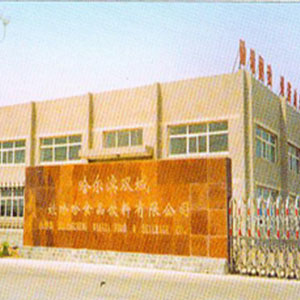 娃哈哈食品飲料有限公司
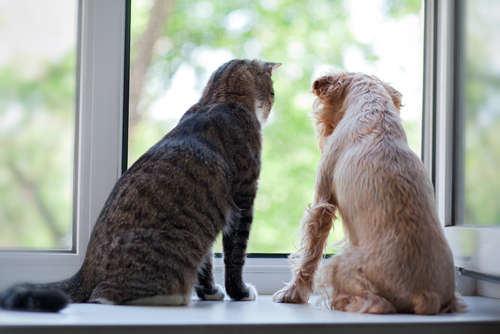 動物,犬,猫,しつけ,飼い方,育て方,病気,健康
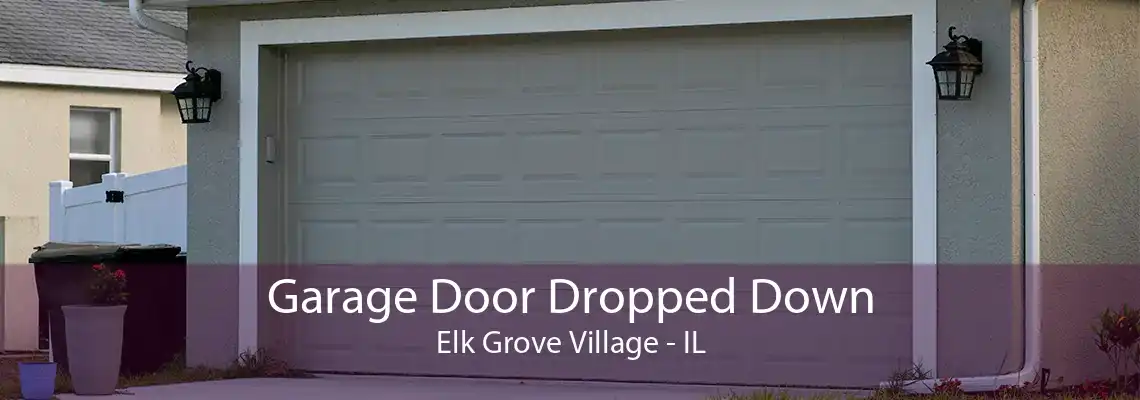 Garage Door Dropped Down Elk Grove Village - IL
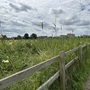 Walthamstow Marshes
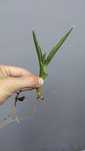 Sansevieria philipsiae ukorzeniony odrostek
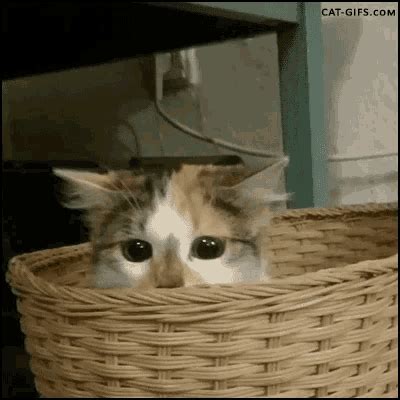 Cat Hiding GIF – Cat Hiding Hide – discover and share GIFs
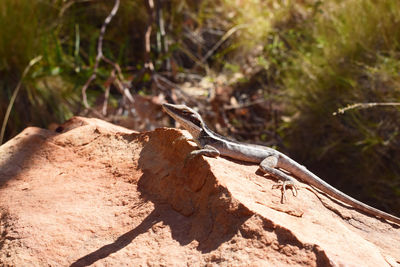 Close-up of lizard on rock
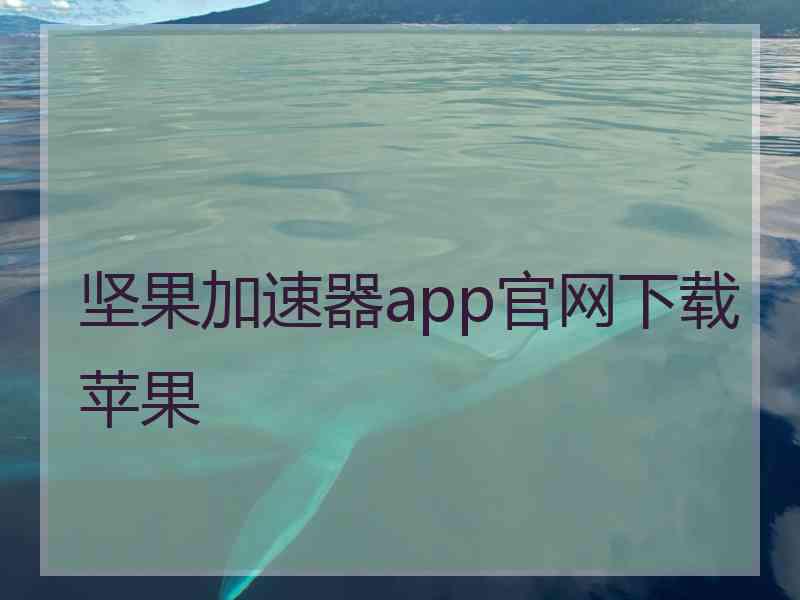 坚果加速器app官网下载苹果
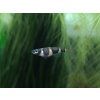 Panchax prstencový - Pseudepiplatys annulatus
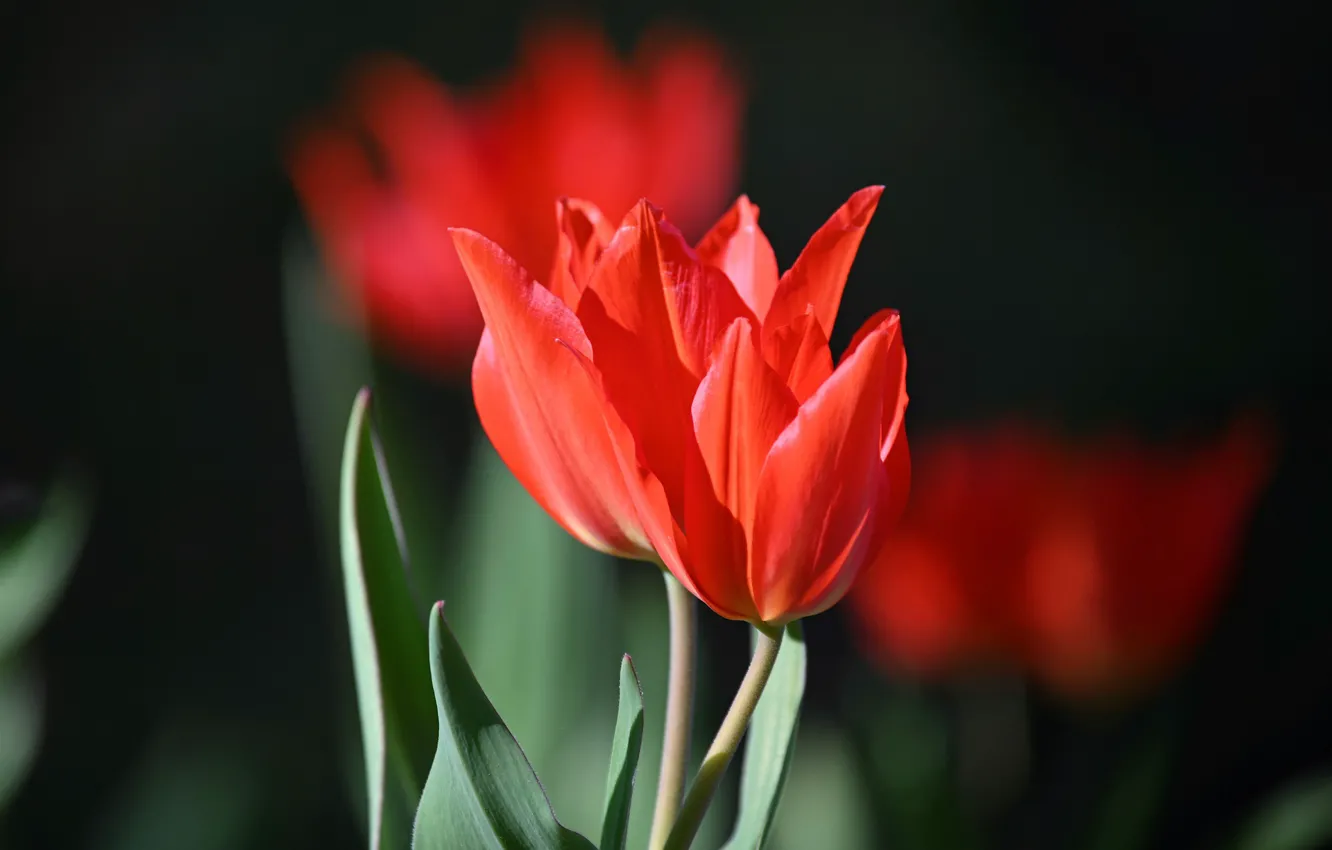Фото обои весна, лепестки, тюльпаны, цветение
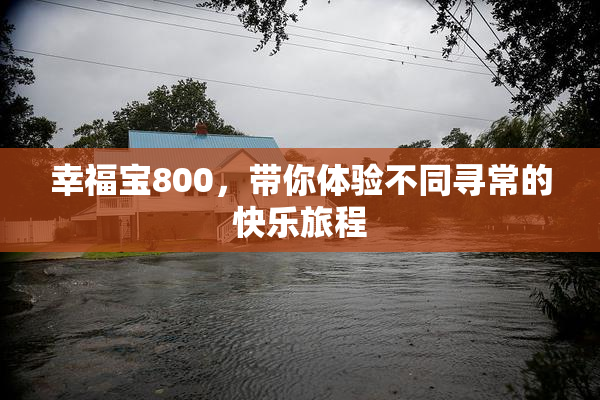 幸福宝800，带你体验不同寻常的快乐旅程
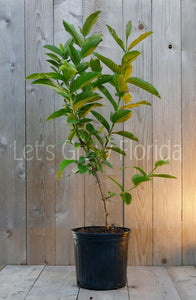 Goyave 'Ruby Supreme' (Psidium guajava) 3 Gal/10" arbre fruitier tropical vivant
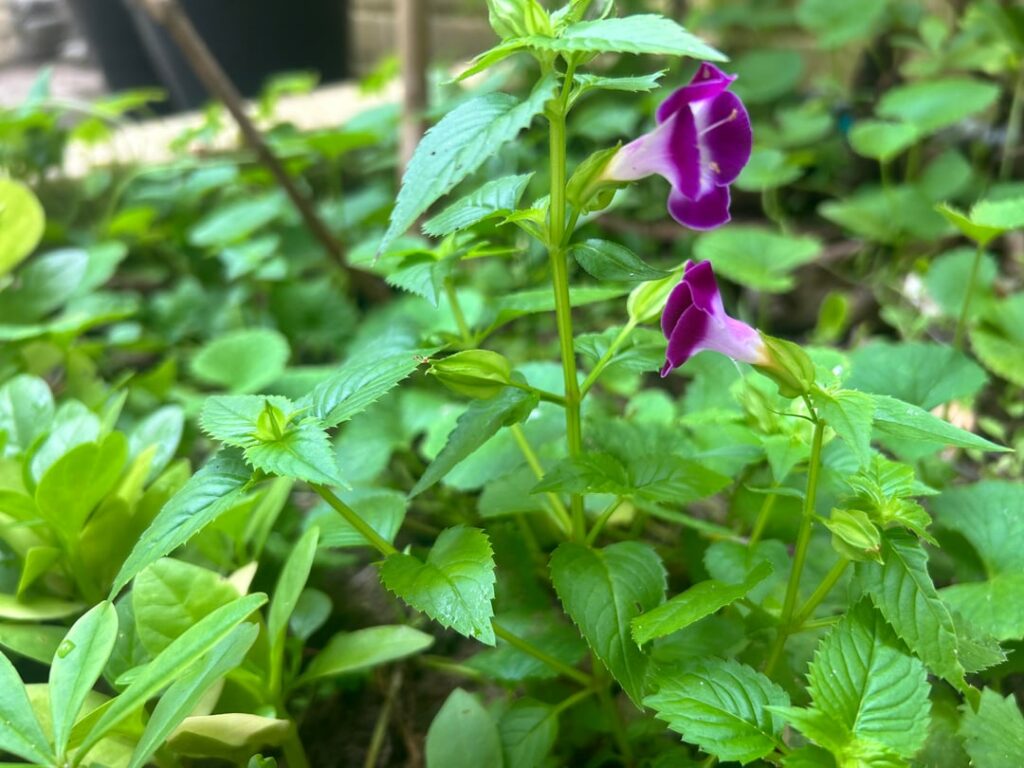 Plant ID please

## To do
Set down, word for word, the line that holds "幸福宝800，带你体验不同寻常的快乐旅程" and all lines after it to the end of the entries above, but not the pictures.

## Answer space
 幸福宝800，带你体验不同寻常的快乐旅程
 Goyave 'Ruby Supreme' (Psidium guajava) 3 Gal/10" arbre fruitier tropical vivant
 Plant ID please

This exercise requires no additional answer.